Cattle & Ranch Report

July 31, 2024 
 
Live Cattle:
Bonds made a new high from contract low today.  A signal of a need to lower rates, or better stated, stimulate.  Energy is believed initiating a bear market trend.  Consumers are believed to have begun to shift again, although resilience in beef demand appears to remain interesting. I don’t know what to expect next in price direction, but do know what can be done to avoid a negative connotation or capitalize on a positive one.  I recommend owning the at the money put option in the contract month you will be marketing inventory in.  This is a sales solicitation.  I fully understand I sound like a broken record, but simply looking at the chart’s volatility, there is little to think other than continuing to skip until someone moves the needle to the next song. The consumer is believed the one to move the needle at this point of the bull market as all aspects of supply are pretty much known.
Feeder Cattle:
Futures reversed from a lower opening this morning. This is about as normal as has been for the past 3 weeks now as traders continue to traverse the $5.00 range over and over again.  The continual contraction builds anxiety towards the breakout.  When it takes place, it will be the obvious one could ever look at in hindsight.  Since hindsight is yet available, I want to avoid any possible negative connotation that may arise, while still allowing for a predetermined benefit that may arise.  Were prices to continue higher, the benefit would just be that much higher of a sale.  Were prices to move lower, the benefit would just be that you sold cattle that much higher.  When viewing the index chart, and showing where you are in relation to previous months and years of trading, it gives you a good idea of what price erosion can materialize, as well as what may possibly come as some continue to garner more market share.
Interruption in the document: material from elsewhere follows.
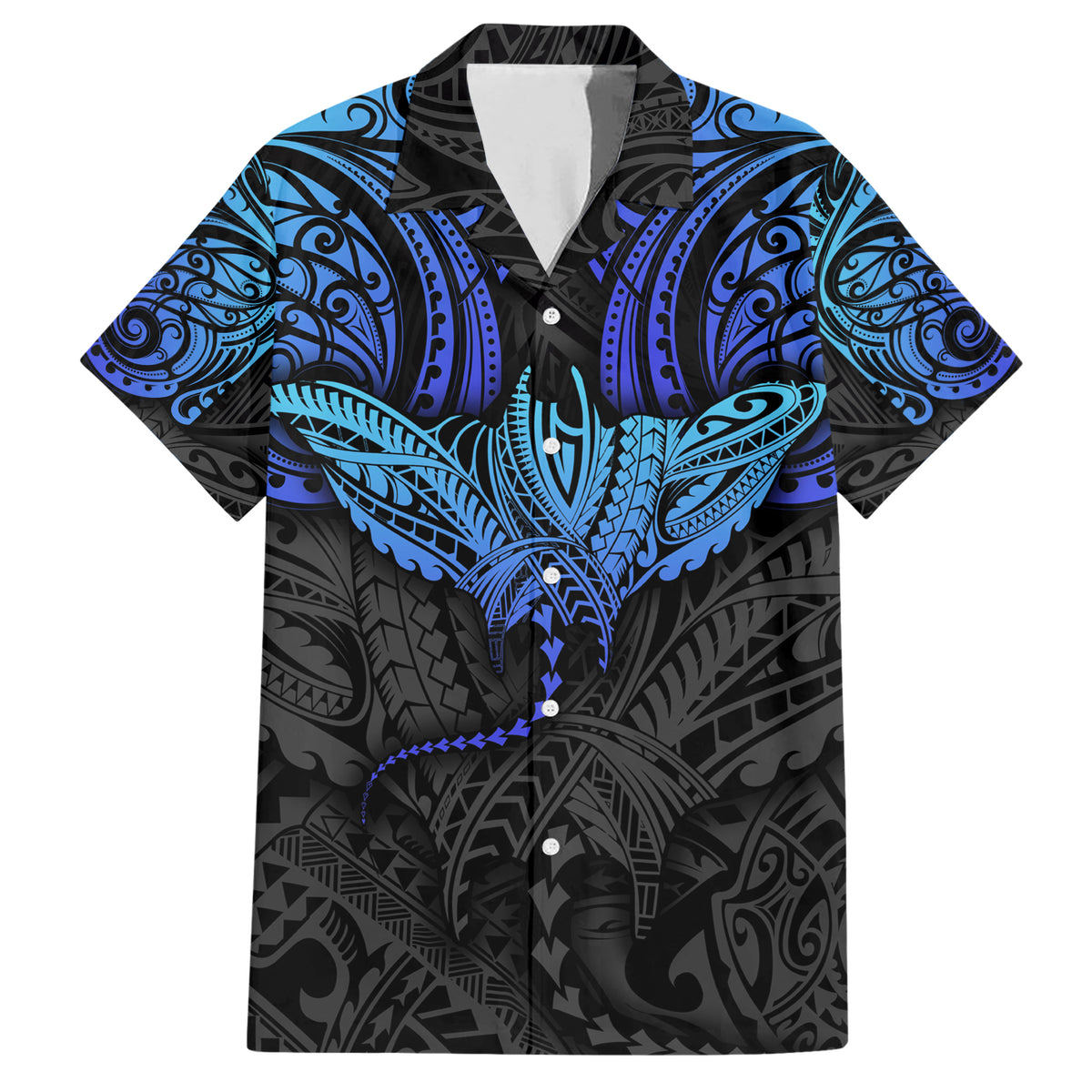 Polynesian Ray Pattern Family Matching Short Sleeve Bodycon Dress and Hawaiian Shirt TS04 Dad's Shirt - Short Sleeve Black Blue - Polynesian Pride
Even with all of the premiums gone, now trading in a positive basis, there remains the ability to capture the current price, with an opportunity to still exceed the current index high, were that to materialize.  I recommend you buy the at the money put and sell the $10.00 out of the money call in the contract month you will marketing inventory in as close to expiration as possible. This is a sales solicitation.  In my opinion alone, I recommend you get this done while prices are still within the 3-week price range, and currently higher on the day.  This is a sales solicitation.